Por suerte, se va generando
ya un acervo de observaciones y de experiencias censadas, de
las que daremos aquí unos breves apuntes, empezando por referirnos,
a modo de ejemplo, al caso del
correo electrónico, que es algo así como la tecnología troncal de las
aplicaciones y sistemas groupware.
Un reciente
sondeo en USA muestra que el 74.7% de las empresas encuestadas le atribuyen
significación contributiva para su competitividad y, más aún, que su
importancia crecerá en el futuro, habida cuenta del hecho de que el
correo será multimediático, integrando voz, imágenes y gráficos. Opinión tan positiva tiende probablemente a ocultar un tanto las
realidades sociales del correo electrónico, que, como cualquier herramienta
tecnológica nueva de la que se espera algún fruto, requiere tiempo de
adaptación, cierta disciplina y reorganización.
Tal vez
el más conocido de los efectos es el del llamado "correo basura",
que, como mínimo, incluye esa categoría de mensajes triviales o inoportunos,
por desgracia demasiado habituales, que se han compuesto haciendo oídos
sordos al consejo de "asegúrese de conectar el cerebro antes de
enviar un mensaje" (en ciertos sistemas de correo electrónico sobre
redes abiertas cada persona emite o responde entre 25 y 100 mensajes
diarios) y ha dado lugar a la
paradójica tecnología defensiva de los filtros de información y agentes
inteligentes (discernobots), cuya misión consiste en analizar
y categorizar los contenidos del buzón electrónico y en su caso
eliminar automáticamente los mensajes indeseados. Como anécdota, el
novelista William Gibson, autor de “Neuromancer”, que acuñó el término
“ciberespacio”, ha decidido no conectarse al correo electrónico, para
proteger su privacidad.
Otro género
de consecuencias se observa en el terreno del comportamiento social
del usuario del correo electrónico. Este sistema tiende a diluir determinados
factores sociales y de contexto (estatus, cargos), que normalmente actúan
como barreras, favoreciendo la participación e incluso el apasionamiento
(la gente dice lo que no diría nunca cara a cara), y por tanto la creatividad, pero
dificultando el proceso de toma de decisiones, que en algunos
experimentos ha llegado a cuadruplicar el tiempo del grupo electrónico con respecto al grupo físico (o clásico). Buenas
y malas noticias.
En definitiva,
lo que ocurre con el correo electrónico es sólo una muestra benigna
de lo que puede ocurrir con el groupware y sus impactos en el mundo
del trabajo y de la empresa. La industria de la tecnología tiene la
costumbre de postular mundos “rousseaunianos” en los que la colaboración
y la cooperación se toman por actitudes humanas naturales. Sus experiencias
piloto suelen llevarse a cabo con grupos de técnicos o de
universitarios favorablemente predispuestos en cuanto a conocimientos,
mentalidad y cultura. Olvidan que en la realidad de las empresas e instituciones
se manifiestan esquemas de poder y subculturas organizativas preexistentes.
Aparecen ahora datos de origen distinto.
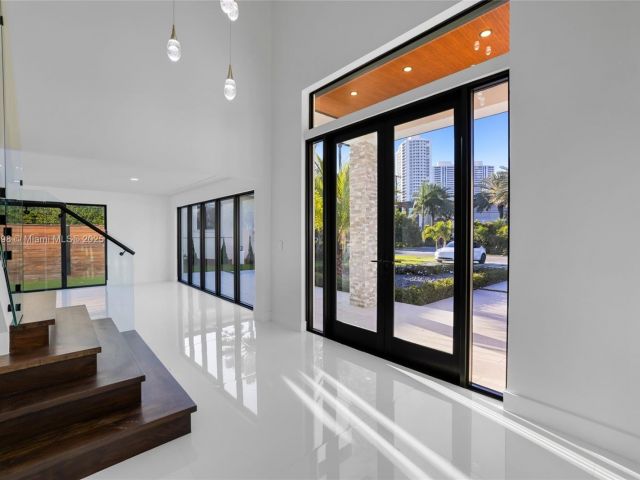 Продажа дома по адресу 406 Holiday Dr - фото 5735983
El director de una consultoría americana ha declarado que el groupware
es espantoso para muchos directivos, porque, por diseño, es rápido y
democrático. El correo electrónico funciona bien en organizaciones abiertas,
pero no lo hace o lo hace superficialmente en aquéllas que imponen rígidas
constricciones jerárquicas, fronteras para las comunicaciones o imputaciones
de costes.
Para solidificar,
por último, el argumento empleado
en el primer párrafo de este apartado, citaremos cómo en la sociología
laboral es reconocido que, en
las relaciones de trabajo, junto a los mecanismos de colaboración, juegan
también otros mecanismos, como la competencia, el conflicto, la convivencialidad,
la coerción, el compromiso, el control, la coordinación, y así, hasta
once C´s, cuya simple enumeración revela por contraste la preocupante
ingenuidad de algunos fabricantes y vendedores de tecnología.
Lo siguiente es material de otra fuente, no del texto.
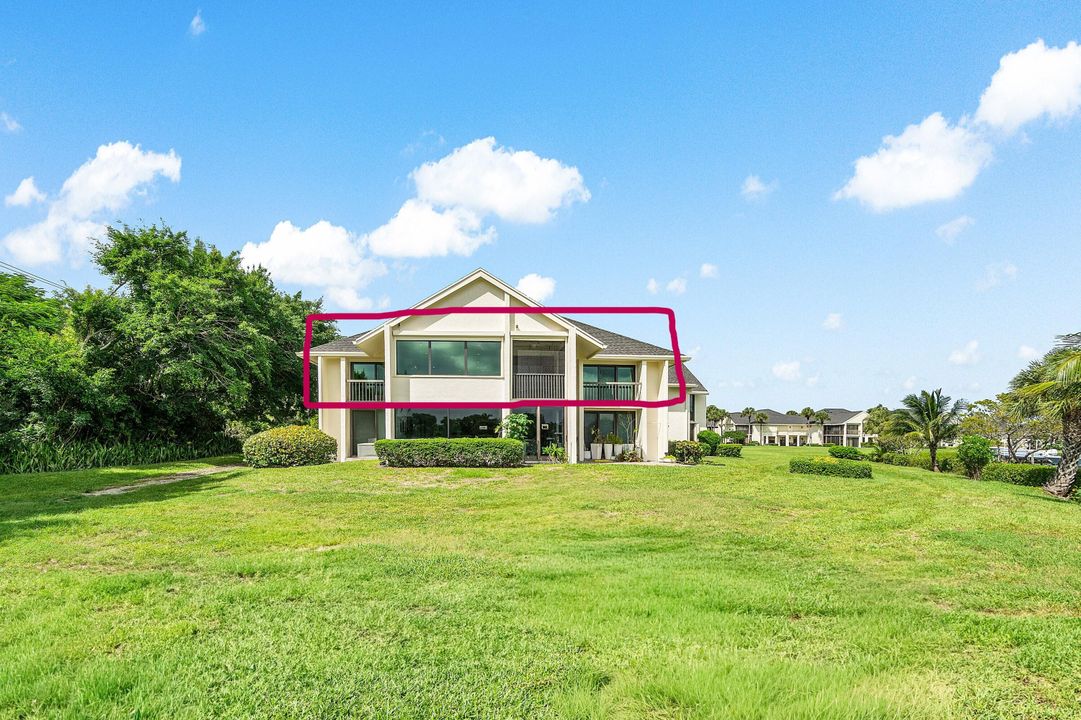 Activo con contrato: $835,000 (3 camas, 3 baños, 2368 Pies cuadrados)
El modelo sociotécnico de complejidad 4D x 3N
Como se
ha dicho, conviene tener siempre en mente un marco de referencia robusto
al hablar de la interacción del individuo, los grupos o las organizaciones
con la tecnología. Sugerimos emplear el modelo de tres niveles de complejidad
(3N) (Sáez Vacas, 1983), que en su versión aplicada a la ofimática (o
tecnología de oficina) se esquematiza por un gráfico integrado 4D x
3N (Sáez Vacas, 1990a).
La figura
3 recoge sólo una parte del modelo 4D x 3N, particularizado (parametrizado)
al caso de las aplicaciones groupware (Sáez Vacas, 1994a). Se ve ahí
cómo estas aplicaciones comportan la necesidad de armonizar los procesos
en tres dimensiones (D) diferentes, que pueden imaginarse también, si
el lector lo prefiere, como las tres ruedas solidarias de una máquina,
con sus correspondientes engranajes.
En la
dimensión de la tecnología de la información se representa el punto
de vista estrictamente técnico o tecnológico, con sus tres niveles (N)
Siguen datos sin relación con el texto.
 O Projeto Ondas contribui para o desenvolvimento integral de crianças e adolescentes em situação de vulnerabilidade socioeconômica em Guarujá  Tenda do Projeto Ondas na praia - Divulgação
de complejidad, que ilustran tres estadios de evolución o de aprendizaje,
empezando por la fase de computación (tratamiento de texto, hoja de
cálculo, gestor de bases de datos, etc.) y siguiendo
por la de comunicación (redes, correo electrónico simple, sistemas cliente-servidor,
etc.) hasta llegar a la de coordinación (coordinadores, bases de datos
compartidas, sistemas multiautor, etc.). Las aplicaciones groupware
utilizan técnicamente una gama de productos, sistemas y procesos de
un amplio espectro entre los niveles de comunicación y de coordinación.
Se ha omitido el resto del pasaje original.